LIKE MANY NINE-YEAR-OLDS, Stanley Strum spends a lot of time building things in Minecraft, the immersive game that lets your create your own mini-universe. The game has many tools. But Stanley is one of many players taking the game a step further by building entirely new features into the game. And, more than that, he’s also learning how to code.
He’s doing this with a tweak to the Minecraft game, called LearnToMod. Modifications like this, called “mods,” are a big part of the game’s runaway success. But this particular mod helps kids learn to create their own mods. For example, Strum built a teleporter that whisks him to a random location within the game world. Another lesson teaches kids to write the code to create a special bow that shoots arrows that become “portals” between different locations in the game, allowing them to reach spaces that would otherwise be quite difficult to access. It’s like being able to create your own cheat codes.

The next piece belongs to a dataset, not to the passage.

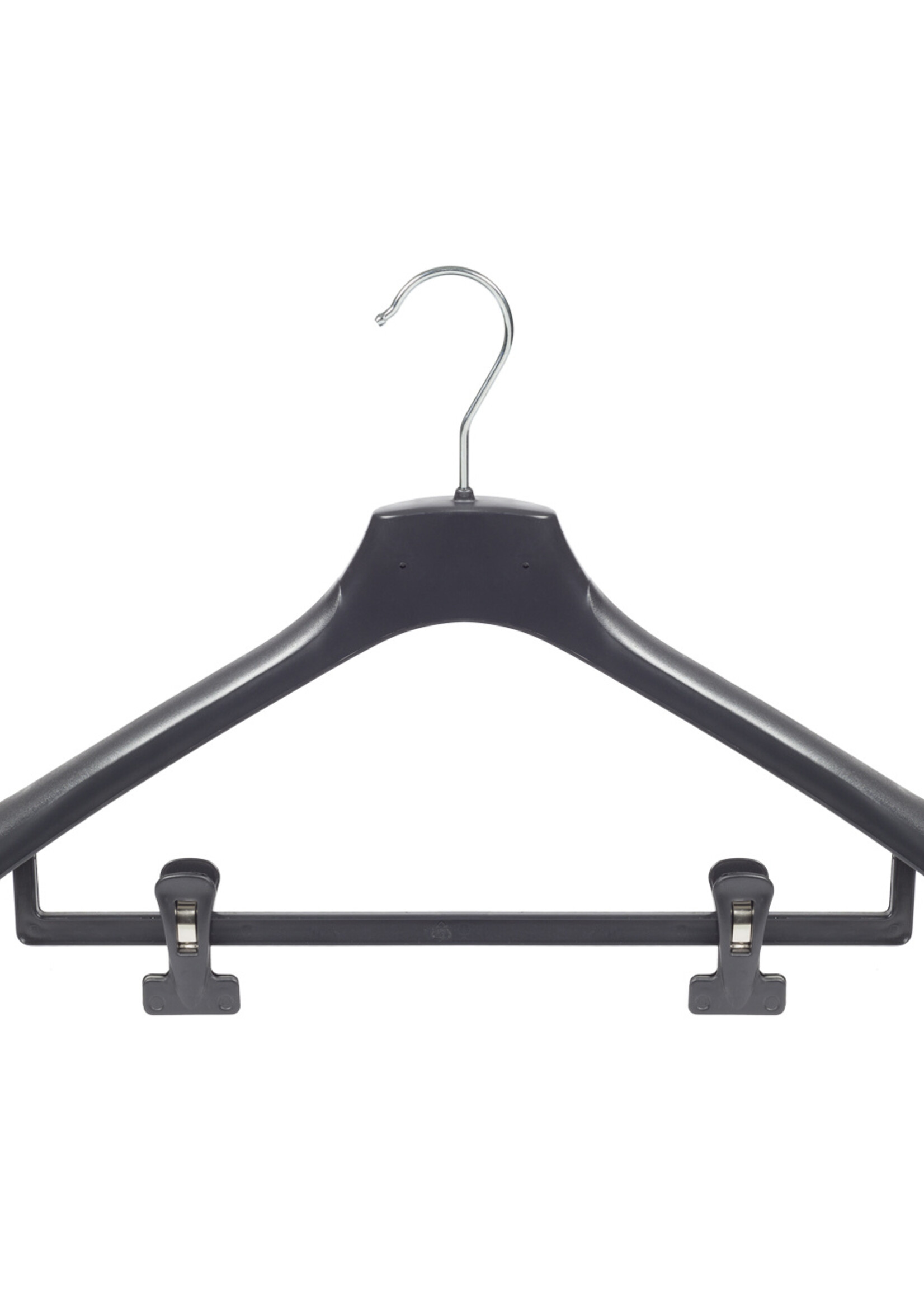 Mantelhanger - Kostuumhanger - Jassenhanger - Volwassenen - HZ48 - 20 Stuks - Kunststof - Zwart - Gebogen Model - Schouderverbreding 4,8 cm - Anti-slip Knijpers - 48 cm - Kledinghanger - Kleerhanger - HZ-Serie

Strum is one of 150 students who are now tinkering with LearnToMod, an educational add-on teaches you the basics of programming while creating tricks and tools that you can use within the Minecraft. The mod will be available to the general public in October, and its creators hope it will help turn Minecraft into a kind of gateway drug for computer programming.
“Kids are already spending ridiculous amounts of hours on Minecraft,” says Stephen Foster, the co-founder of ThoughtSTEM, the company that’s built the LearnToMod module. “So we thought this would be a good way to help them learn skills.”
ThoughtSTEM started out offering in-person classes in San Diego, Granite Bay, and Oakhurst, CA based on a game called CodeSpells that Foster co-created as a PhD student at the University California. The idea was to hook students on CodeSpells so that they’d be motivated to learn the programming skills they needed to advance within the game. But Foster and his co-founders Sarah Esper and Lindsey Handley soon noticed that many of their students were already avid Minecraft players, and it would make more sense to create a class that would harness the passion their students already had for Minecraft. So they launched a class for kids between the age of eight and 15 that teaches kids to code their own modifications to Minecraft — and even earn college credit at the University of California in San Diego while doing it.